- _TASK PROMPT_:
Write out again, exactly, the lines below starting at the one with "Hello, this is" and ending at the one with "And now to install".
Segment Start: ENTRIES SHOWN
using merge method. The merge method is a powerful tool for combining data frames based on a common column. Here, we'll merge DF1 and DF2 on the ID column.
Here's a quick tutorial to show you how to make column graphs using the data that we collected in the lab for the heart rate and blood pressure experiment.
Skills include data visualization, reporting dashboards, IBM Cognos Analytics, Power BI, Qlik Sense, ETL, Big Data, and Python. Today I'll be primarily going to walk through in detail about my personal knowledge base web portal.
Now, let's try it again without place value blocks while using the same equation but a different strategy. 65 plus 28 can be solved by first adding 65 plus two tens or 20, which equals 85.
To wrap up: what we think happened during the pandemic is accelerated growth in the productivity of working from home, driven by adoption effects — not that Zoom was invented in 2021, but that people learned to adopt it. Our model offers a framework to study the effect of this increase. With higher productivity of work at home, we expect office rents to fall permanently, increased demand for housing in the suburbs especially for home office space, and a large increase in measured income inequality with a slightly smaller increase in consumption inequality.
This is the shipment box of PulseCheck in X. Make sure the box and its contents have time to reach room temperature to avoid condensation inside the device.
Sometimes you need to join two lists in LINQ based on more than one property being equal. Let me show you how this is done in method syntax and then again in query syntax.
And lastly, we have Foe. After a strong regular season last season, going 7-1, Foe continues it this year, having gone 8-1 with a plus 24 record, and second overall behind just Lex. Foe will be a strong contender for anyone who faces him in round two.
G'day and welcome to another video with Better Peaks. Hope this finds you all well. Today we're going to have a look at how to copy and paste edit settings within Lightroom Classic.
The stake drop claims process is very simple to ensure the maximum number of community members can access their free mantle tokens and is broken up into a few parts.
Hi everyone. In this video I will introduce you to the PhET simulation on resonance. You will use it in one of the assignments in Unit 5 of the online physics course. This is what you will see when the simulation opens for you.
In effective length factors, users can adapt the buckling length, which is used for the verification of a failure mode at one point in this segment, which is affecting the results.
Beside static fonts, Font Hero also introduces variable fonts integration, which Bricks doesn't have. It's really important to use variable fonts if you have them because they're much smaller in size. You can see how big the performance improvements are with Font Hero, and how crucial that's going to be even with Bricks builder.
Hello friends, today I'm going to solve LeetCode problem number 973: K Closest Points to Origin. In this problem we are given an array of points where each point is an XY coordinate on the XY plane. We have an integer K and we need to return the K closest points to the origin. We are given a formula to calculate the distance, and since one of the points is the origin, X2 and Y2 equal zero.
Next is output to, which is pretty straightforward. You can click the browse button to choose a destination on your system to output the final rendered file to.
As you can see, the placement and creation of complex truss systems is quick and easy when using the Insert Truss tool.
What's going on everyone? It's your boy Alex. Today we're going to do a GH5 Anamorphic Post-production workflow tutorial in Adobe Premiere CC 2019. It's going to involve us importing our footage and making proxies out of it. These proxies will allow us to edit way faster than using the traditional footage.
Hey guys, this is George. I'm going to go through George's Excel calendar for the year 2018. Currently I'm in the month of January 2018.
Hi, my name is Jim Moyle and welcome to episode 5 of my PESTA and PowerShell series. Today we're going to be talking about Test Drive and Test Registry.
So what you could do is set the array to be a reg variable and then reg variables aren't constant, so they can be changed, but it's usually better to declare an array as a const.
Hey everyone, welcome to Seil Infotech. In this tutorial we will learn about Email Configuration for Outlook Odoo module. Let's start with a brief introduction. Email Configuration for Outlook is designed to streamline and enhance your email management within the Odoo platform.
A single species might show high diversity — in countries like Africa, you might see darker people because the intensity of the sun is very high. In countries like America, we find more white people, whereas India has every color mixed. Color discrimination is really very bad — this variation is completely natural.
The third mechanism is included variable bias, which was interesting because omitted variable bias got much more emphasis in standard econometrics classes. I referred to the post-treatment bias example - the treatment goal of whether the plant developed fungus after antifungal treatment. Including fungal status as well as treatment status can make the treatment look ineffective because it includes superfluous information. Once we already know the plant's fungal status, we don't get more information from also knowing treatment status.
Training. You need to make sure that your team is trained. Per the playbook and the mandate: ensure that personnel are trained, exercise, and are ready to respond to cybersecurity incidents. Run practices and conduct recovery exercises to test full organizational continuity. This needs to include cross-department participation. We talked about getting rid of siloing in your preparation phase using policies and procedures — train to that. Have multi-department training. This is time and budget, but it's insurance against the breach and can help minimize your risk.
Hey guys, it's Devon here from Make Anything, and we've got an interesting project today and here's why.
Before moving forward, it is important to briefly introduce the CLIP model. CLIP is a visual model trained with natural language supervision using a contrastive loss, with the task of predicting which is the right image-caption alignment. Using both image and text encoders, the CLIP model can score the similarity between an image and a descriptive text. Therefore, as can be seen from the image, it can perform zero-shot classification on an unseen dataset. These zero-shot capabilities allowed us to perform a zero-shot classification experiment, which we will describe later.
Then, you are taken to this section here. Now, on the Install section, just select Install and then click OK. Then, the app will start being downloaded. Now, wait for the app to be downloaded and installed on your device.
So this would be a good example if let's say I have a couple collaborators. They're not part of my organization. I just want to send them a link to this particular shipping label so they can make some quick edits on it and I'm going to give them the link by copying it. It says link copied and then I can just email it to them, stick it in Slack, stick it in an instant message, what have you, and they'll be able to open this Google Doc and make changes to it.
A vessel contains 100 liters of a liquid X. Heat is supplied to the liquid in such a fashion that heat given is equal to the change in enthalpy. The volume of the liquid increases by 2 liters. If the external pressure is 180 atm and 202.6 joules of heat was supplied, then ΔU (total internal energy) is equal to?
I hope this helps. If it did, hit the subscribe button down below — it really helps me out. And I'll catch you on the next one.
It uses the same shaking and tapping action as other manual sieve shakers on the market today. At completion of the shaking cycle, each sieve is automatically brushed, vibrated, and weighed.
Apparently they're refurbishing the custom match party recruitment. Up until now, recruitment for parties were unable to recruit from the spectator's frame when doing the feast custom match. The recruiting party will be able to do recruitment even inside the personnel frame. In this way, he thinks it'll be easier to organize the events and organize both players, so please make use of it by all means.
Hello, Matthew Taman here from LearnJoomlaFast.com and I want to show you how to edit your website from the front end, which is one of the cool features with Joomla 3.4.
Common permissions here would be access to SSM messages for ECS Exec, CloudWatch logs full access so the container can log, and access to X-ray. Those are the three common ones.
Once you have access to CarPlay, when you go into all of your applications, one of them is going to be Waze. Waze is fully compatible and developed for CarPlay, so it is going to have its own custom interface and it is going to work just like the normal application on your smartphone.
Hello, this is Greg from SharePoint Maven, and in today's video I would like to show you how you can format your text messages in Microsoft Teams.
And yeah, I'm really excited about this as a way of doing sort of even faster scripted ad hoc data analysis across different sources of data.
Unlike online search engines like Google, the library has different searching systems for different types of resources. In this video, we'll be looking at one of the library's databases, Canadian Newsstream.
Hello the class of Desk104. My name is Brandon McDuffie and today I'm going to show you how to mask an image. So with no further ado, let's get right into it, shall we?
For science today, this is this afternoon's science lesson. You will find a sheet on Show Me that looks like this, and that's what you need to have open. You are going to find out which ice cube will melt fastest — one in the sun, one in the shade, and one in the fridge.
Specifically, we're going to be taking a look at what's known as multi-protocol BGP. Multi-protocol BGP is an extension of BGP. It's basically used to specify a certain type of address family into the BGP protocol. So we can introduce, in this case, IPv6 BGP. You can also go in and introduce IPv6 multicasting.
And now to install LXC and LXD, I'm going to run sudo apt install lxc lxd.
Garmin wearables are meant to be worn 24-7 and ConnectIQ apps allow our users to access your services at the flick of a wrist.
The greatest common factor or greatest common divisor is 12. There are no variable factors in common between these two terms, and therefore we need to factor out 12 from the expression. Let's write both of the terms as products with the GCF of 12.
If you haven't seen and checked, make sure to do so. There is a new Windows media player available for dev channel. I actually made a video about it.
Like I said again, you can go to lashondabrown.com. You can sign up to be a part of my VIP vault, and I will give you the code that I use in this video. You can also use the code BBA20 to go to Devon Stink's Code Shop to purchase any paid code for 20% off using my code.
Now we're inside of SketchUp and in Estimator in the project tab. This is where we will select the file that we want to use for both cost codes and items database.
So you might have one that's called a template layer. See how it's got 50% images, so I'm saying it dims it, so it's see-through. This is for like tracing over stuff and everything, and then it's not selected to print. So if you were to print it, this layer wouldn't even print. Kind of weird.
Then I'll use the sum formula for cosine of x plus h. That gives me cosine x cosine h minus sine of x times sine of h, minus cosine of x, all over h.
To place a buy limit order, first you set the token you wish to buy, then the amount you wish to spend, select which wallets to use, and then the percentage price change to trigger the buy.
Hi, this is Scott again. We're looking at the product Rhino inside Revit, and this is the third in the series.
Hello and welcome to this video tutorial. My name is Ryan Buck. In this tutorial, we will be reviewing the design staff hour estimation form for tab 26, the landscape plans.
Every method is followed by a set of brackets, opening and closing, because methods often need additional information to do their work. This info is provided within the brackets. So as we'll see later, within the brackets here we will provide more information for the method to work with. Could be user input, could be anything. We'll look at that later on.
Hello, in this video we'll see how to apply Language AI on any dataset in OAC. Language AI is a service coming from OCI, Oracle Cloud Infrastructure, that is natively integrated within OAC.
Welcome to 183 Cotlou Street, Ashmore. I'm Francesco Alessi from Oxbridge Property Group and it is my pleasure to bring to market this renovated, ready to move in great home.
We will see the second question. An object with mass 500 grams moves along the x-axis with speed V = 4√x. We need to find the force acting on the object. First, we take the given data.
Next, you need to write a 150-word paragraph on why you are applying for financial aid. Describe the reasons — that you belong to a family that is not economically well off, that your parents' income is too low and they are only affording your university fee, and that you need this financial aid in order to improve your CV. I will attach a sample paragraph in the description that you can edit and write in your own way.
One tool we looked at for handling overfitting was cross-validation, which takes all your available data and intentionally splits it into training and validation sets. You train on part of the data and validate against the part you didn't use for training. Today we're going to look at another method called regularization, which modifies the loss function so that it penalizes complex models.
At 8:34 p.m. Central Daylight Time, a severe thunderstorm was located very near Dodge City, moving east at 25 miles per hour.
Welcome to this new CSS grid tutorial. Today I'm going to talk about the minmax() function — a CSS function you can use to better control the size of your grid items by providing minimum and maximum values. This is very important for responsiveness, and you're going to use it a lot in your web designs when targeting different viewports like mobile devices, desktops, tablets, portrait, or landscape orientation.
Segment End: ENTRIES SHOWN
- _COMPLETED EXERCISE_:
Hello, this is Greg from SharePoint Maven, and in today's video I would like to show you how you can format your text messages in Microsoft Teams.
And yeah, I'm really excited about this as a way of doing sort of even faster scripted ad hoc data analysis across different sources of data.
Unlike online search engines like Google, the library has different searching systems for different types of resources. In this video, we'll be looking at one of the library's databases, Canadian Newsstream.
Hello the class of Desk104. My name is Brandon McDuffie and today I'm going to show you how to mask an image. So with no further ado, let's get right into it, shall we?
For science today, this is this afternoon's science lesson. You will find a sheet on Show Me that looks like this, and that's what you need to have open. You are going to find out which ice cube will melt fastest — one in the sun, one in the shade, and one in the fridge.
Specifically, we're going to be taking a look at what's known as multi-protocol BGP. Multi-protocol BGP is an extension of BGP. It's basically used to specify a certain type of address family into the BGP protocol. So we can introduce, in this case, IPv6 BGP. You can also go in and introduce IPv6 multicasting.
And now to install LXC and LXD, I'm going to run sudo apt install lxc lxd.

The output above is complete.